Courts continue to differ in views on marital rape

Contradiction arises despite Justice J.S. Verma panel recommendation to make marital rape a crime

August 14, 2021 02:46 pm | Updated December 01, 2021 12:23 pm IST - NEW DELHI:

The report underscored the fact that marital rape immunity had been withdrawn in most foreign jurisdictions.

The report underscored the fact that marital rape immunity had been withdrawn in most foreign jurisdictions.

Four years after the Supreme Court referred to Justice J.S. Verma committee’s recommendation to make marital rape a crime, besides quoting from decisions of courts across the world that “a rapist remains a rapist and marriage with the victim does not convert him into a non-rapist”, Indian courts continue to take views on marital rape that are the polar opposite of each other.

The recent response from courts to complaints of marital rape has been contradictory. When the Kerala High Court backed marital rape as a valid ground for divorce, a court in Maharashtra gave anticipatory bail to a man while concluding that forcible sex with his wife was not an “illegal thing” though she said it left her paralysed.

In 2017, the top court, in Independent Thought versus Union of India , refused to delve into the question of marital rape while examining an exception to Section 375 (rape) of the Indian Penal Code which allows a man to force sex on his wife if she is above 15 years of age. However, in its judgment that declared “sexual intercourse with a girl below 18 years of age is rape regardless of whether she is married or not”, the Supreme Court highlighted that legislative immunity given to marital rape stemmed from the “outdated notion that a wife is no more than a subservient chattel of her husband”.

Similarly, the Gujarat High Court has held that “a law that does not give married and unmarried women equal protection creates conditions that lead to the marital rape”.

“It allows the men and women to believe that wife rape is acceptable. Making wife rape illegal or an offence will remove the destructive attitudes that promote the marital rape,” the High Court had suggested.

Legislative amnesty to marital rape continues to survive in the statute book despite a gamut of decisions by the Supreme Court upholding the bodily integrity and privacy of women.

The right to bodily integrity was recognised in the context of privacy in State of Maharashtra v. Madhukar Narayan Mardikar . Here, the top court observed that no one has a right to violate the person of anyone else, including of an “unchaste woman”.

In Suchita Srivastava v. Chandigarh Administration , the top court backed a “woman’s right to refuse participation in sexual activity or alternatively the insistence on use of contraceptive methods”. The court has held that “rape is not only a crime against the person of a woman, it is a crime against the entire society”.

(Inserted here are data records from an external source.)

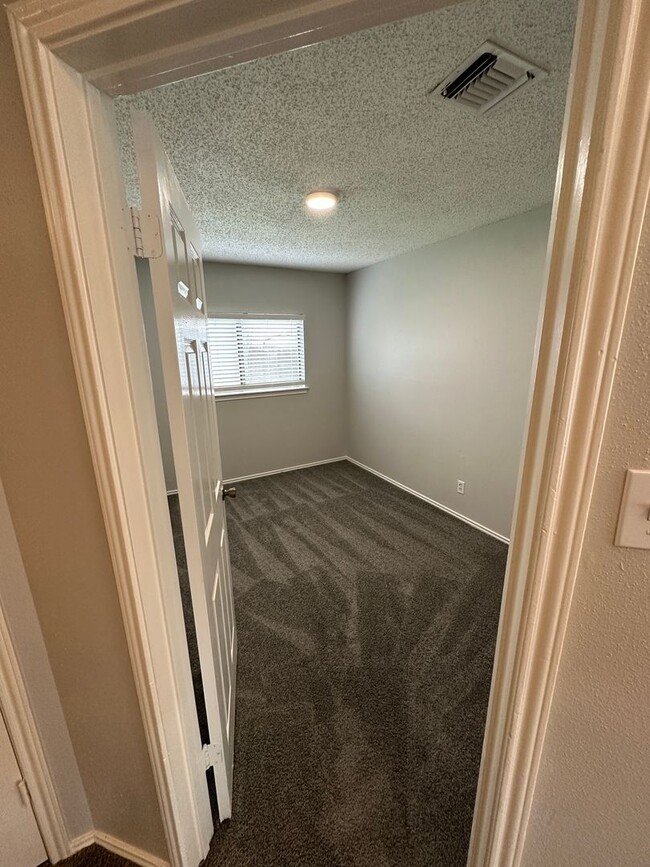 Building Photo - CUTE 3 BEDROOM 2 BATH IN NORTHSIDE ISD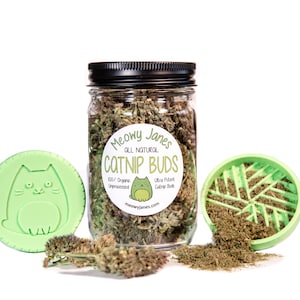 Whole Catnip Buds With Grinder | New Harvest | Small Batch | All Natural, Organic, Hand Trimmed | Farm Grown | Whole Flower Catnip
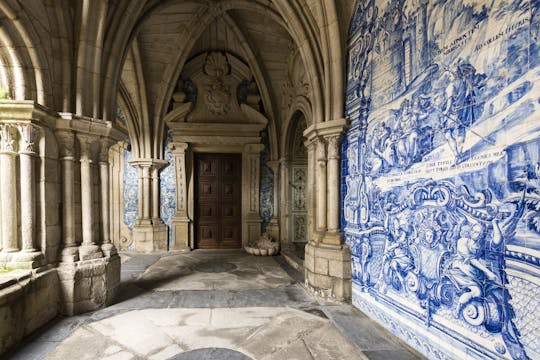 Blue and white art in Porto STEP walking tour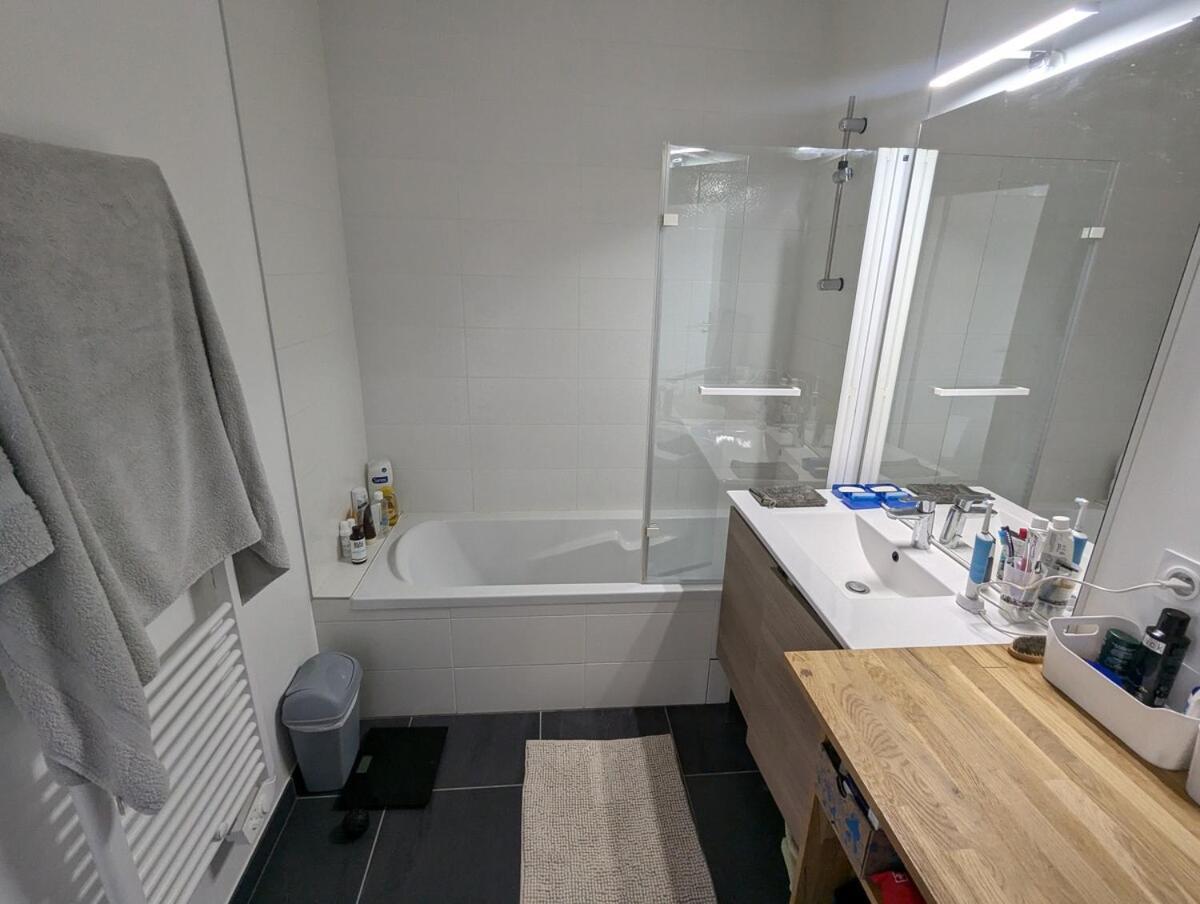 For 2 People In Apartment *
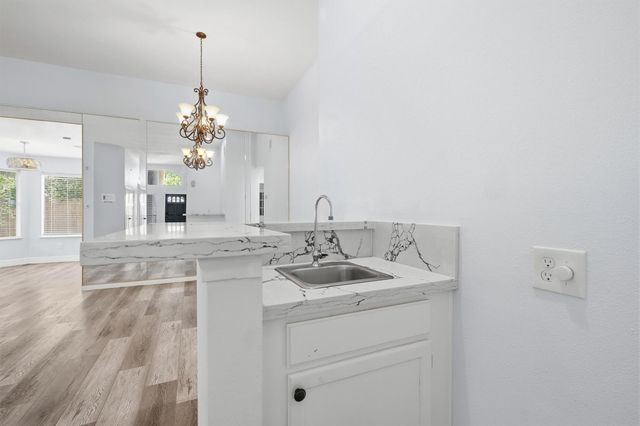 7815 Royan Drive, Houston, TX 77071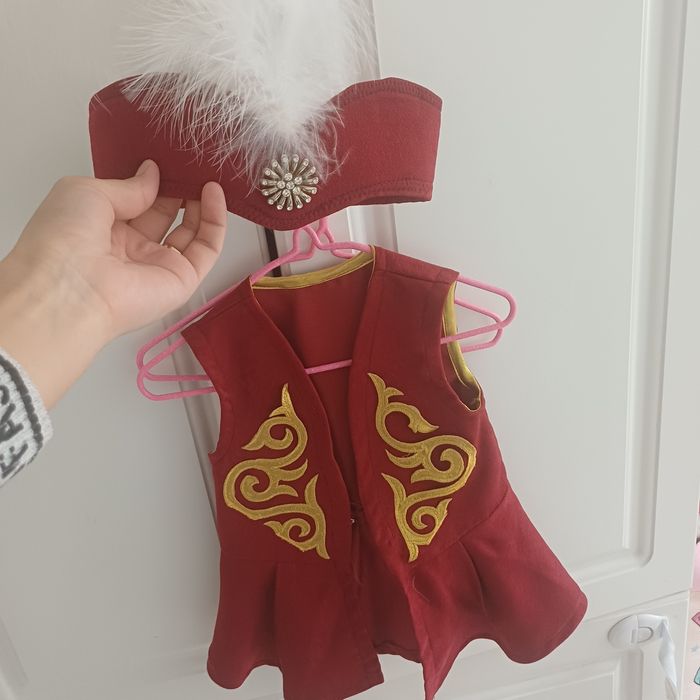 жакет тақиясымен кажекей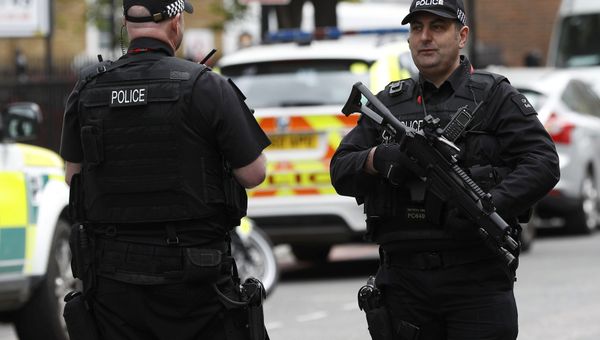 Armed police officers patrol the streets near Southwark Cathedral ahead of the funeral of PC Keith Palmer, who was killed in the recent Westminster attack, in central London, Britain April 10, 2017. - Sputnik International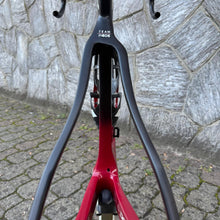 Carica l'immagine nel visualizzatore di Gallery, Pinarello Dogma F12 Disc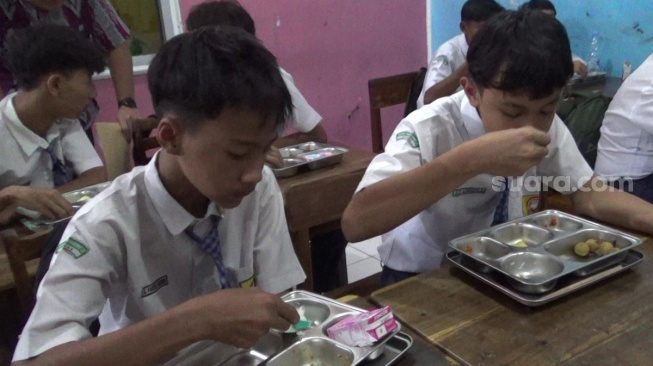 Ironi! Program MBG Andalan Prabowo di Demak Dikuasai Swasta, Daerah Miskin Gigit Jari!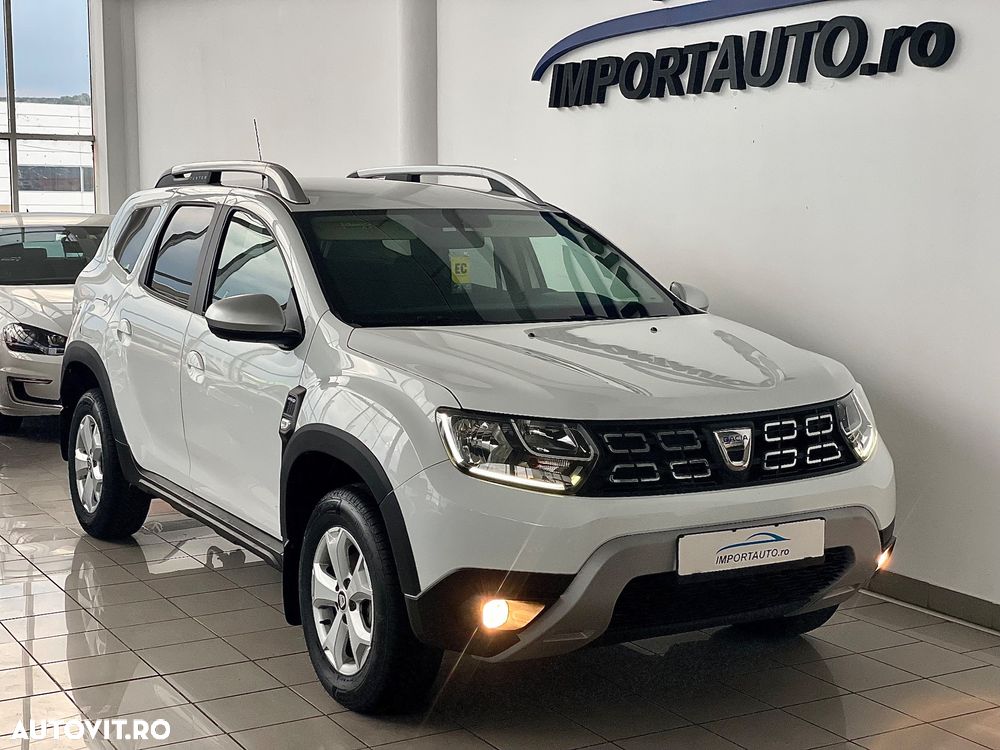 Dacia Duster 1.6 SCe 4WD Comfort - 32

In State of Punjab v. Gurmit Singh , the court voiced the extent of trauma suffered by a rape survivor, saying “a murderer destroys the physical body of his victim, a rapist degrades the very soul of the helpless female.”

The report submitted by the Justice J.S. Verma Committee of Amendments to Criminal Law of January 2013 had recommended the removal of the marital rape immunity.

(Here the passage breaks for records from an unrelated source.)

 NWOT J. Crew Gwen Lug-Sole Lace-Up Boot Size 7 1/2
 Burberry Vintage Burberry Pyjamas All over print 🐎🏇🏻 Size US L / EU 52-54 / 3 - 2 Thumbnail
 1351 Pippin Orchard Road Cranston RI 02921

“A marital or other relationship between the perpetrator or victim is not a valid defence against the crimes of rape or sexual violation. The relationship between the accused and the complainant is not relevant to the inquiry into whether the complainant consented to the sexual activity. The fact that the accused and victim are married or in another intimate relationship may not be regarded as a mitigating factor justifying lower sentences for rape,” the committee had advised the government unsuccessfully.

The report underscored the fact that marital rape immunity had been withdrawn in most foreign jurisdictions.

In England and Wales, the House of Lords had held in 1991, “marriage is in modern times regarded as a partnership of equals, and no longer one in which the wife must be the subservient chattel of the husband”.

The European Commission of Human Rights in C.R. v. UK had concluded that “a rapist remains a rapist regardless of his relationship with the victim”. Canada had repealed provisions in the Criminal Code which denied criminal liability for marital rape in 1983. South Africa criminalised marital rape in 1993. In Australia, the common law ‘marital rape immunity’ was legislatively abolished in all jurisdictions. The judges found such protection to the husband “offensive to human dignity” and “incompatible with the legal status of a spouse”.

In Eisenstadt v. Baird , the U.S. Supreme Court had observed that a “marital couple is not an independent entity with a mind and heart of its own, but an association of two individuals each with a separate intellectual and emotional makeup.”

The Justice Verma Committee had said that “a rape that actually occurs cannot legislatively be simply wished away”.